(Records drawn from a dataset)
▬▬▬▬▬▬▬▬▬▬

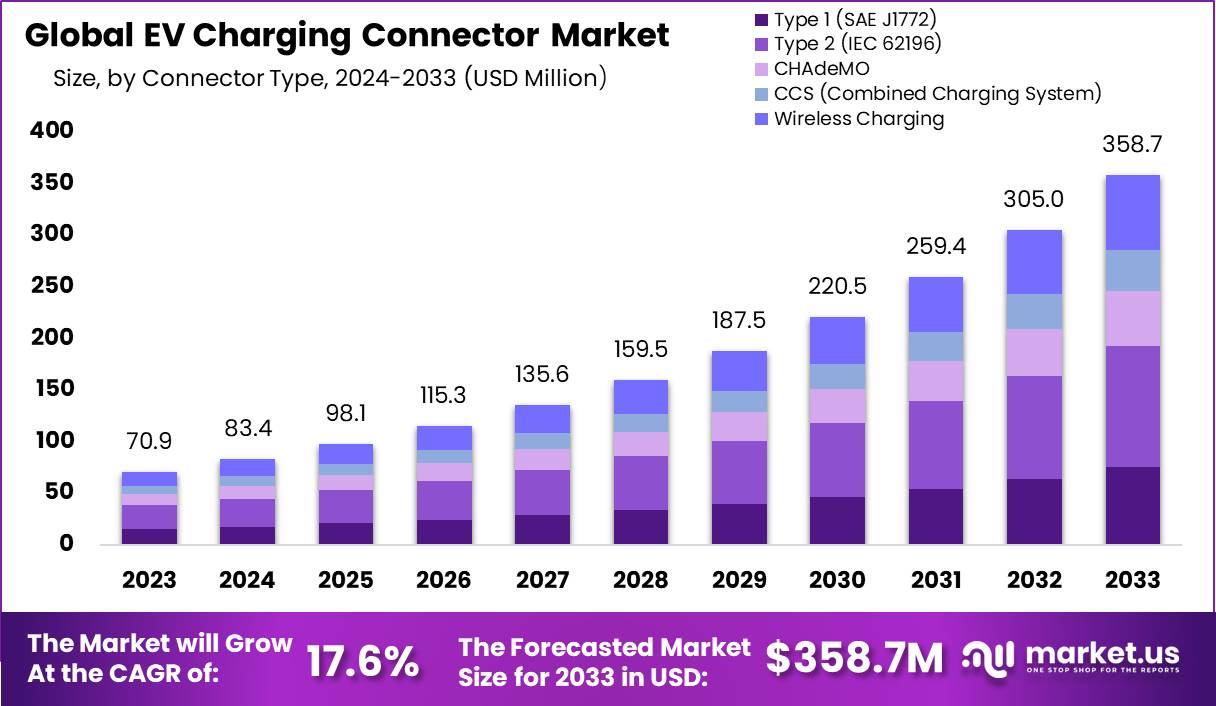 EV Charging Connector Market Size, Share | CAGR of 17.6%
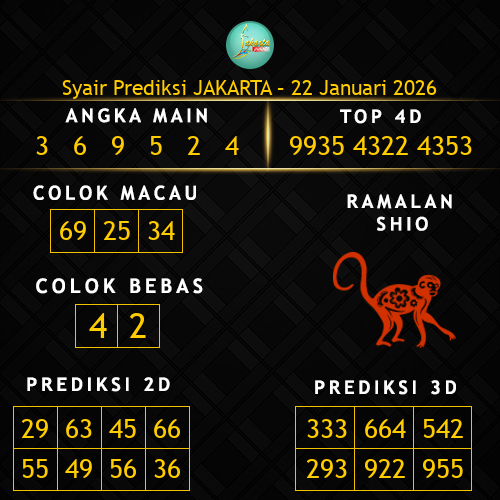 Prediksi Jakarta Hari Ini 22-januari-2026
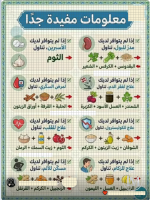 معلومات مفيده.jpg.PNG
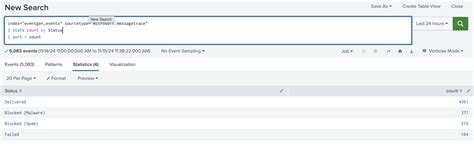 Image result for Splunk Dashboard Examples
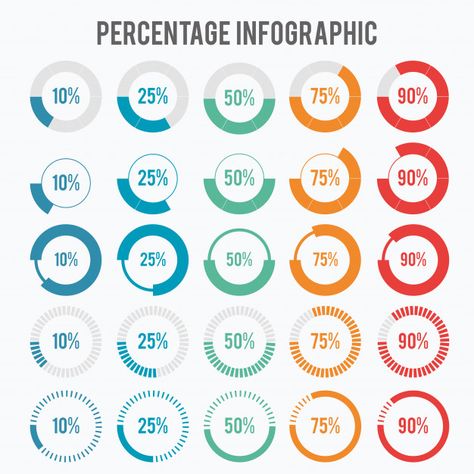 Percentage infographic Premium Vector Cv Design Template, Graphic Design Cv, Cv Inspiration, Infographic Resume, Infographic Inspiration, Timeline Infographic, Data Design, Graphic Design Resume, Cv Design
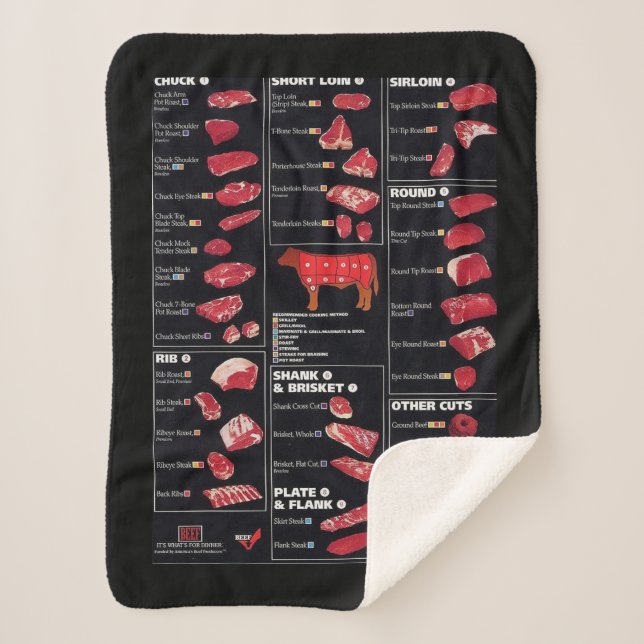 Cobertor Sherpa Gráfico de Carne (Frente)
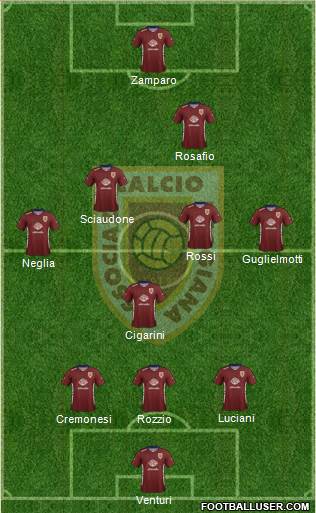 Reggiana 4-4-1-1 football formation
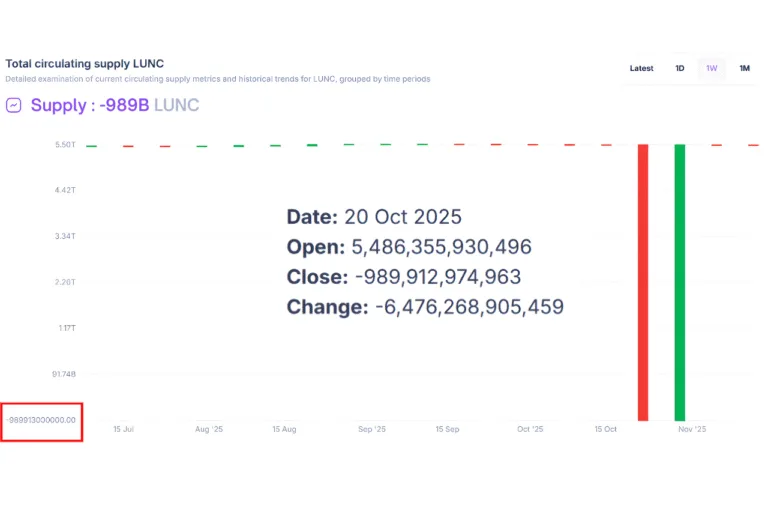 Data Showing 6.4 Trillion LUNC Burn Changes on LUNC Tech as Supply Now Appears Below Zero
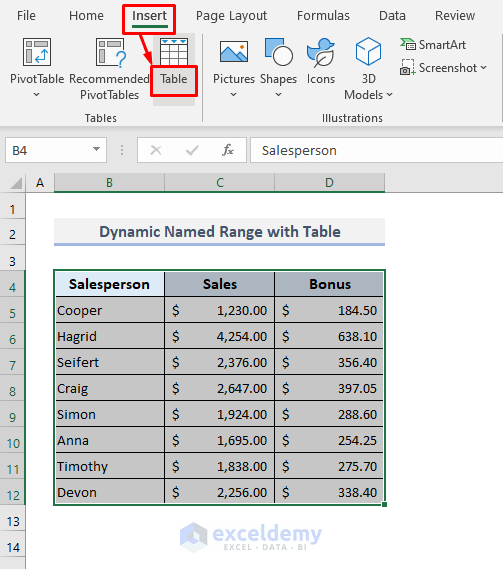 How to Name a Range in Excel (5 Easy Tricks) ExcelDemy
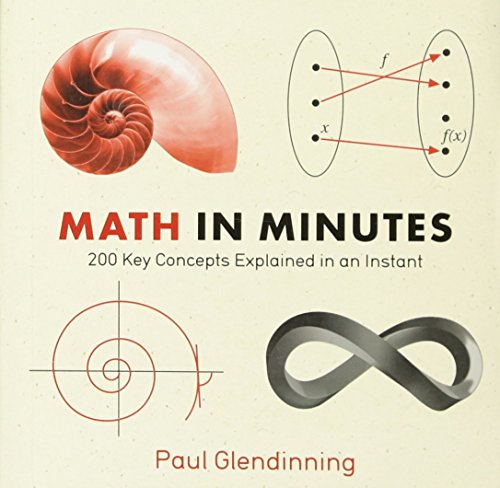 Beispielbild fr Math in Minutes: 200 Key Concepts Explained In An Instant (Knowledge in a Flash) zum Verkauf von Wonder Book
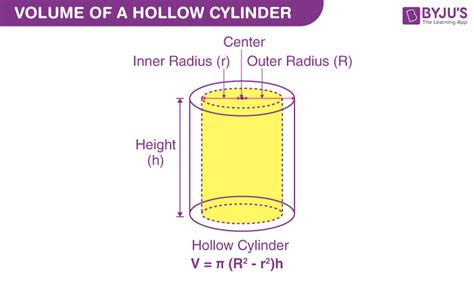 Volume of Hollow Cylinder - Definition, Formula and Examples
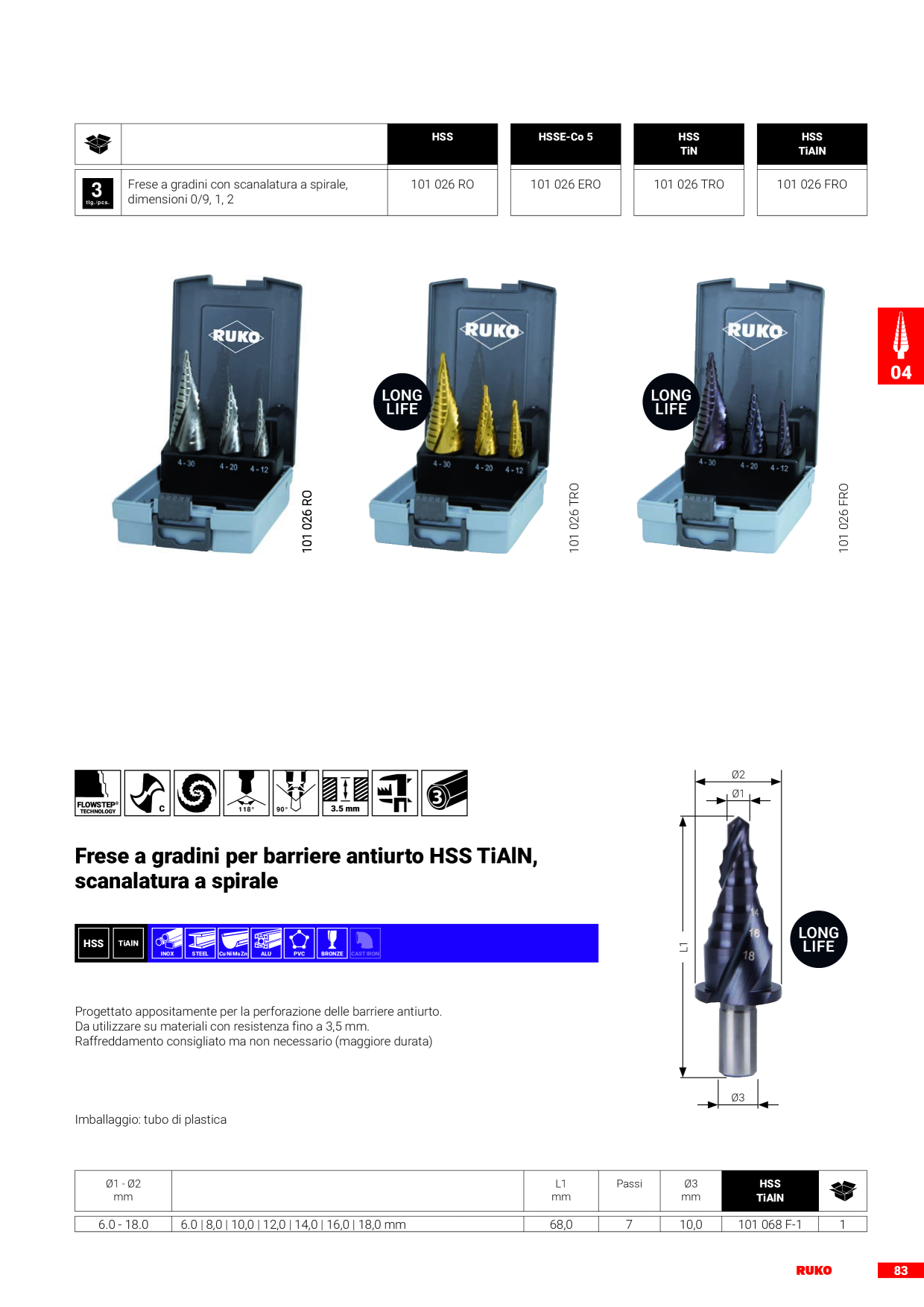 Anteprima del catalogo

▬▬▬▬▬▬▬▬▬▬

WORK INSTRUCTIONS
Set every line of the records down again exactly, and exclude all pictures.

RESPONSE TO THE TASK
 EV Charging Connector Market Size, Share | CAGR of 17.6%
 Prediksi Jakarta Hari Ini 22-januari-2026
 معلومات مفيده.jpg.PNG
 Image result for Splunk Dashboard Examples
 Percentage infographic Premium Vector Cv Design Template, Graphic Design Cv, Cv Inspiration, Infographic Resume, Infographic Inspiration, Timeline Infographic, Data Design, Graphic Design Resume, Cv Design
 Cobertor Sherpa Gráfico de Carne (Frente)
 Reggiana 4-4-1-1 football formation
 Data Showing 6.4 Trillion LUNC Burn Changes on LUNC Tech as Supply Now Appears Below Zero
 How to Name a Range in Excel (5 Easy Tricks) ExcelDemy
 Beispielbild fr Math in Minutes: 200 Key Concepts Explained In An Instant (Knowledge in a Flash) zum Verkauf von Wonder Book
 Volume of Hollow Cylinder - Definition, Formula and Examples
 Anteprima del catalogo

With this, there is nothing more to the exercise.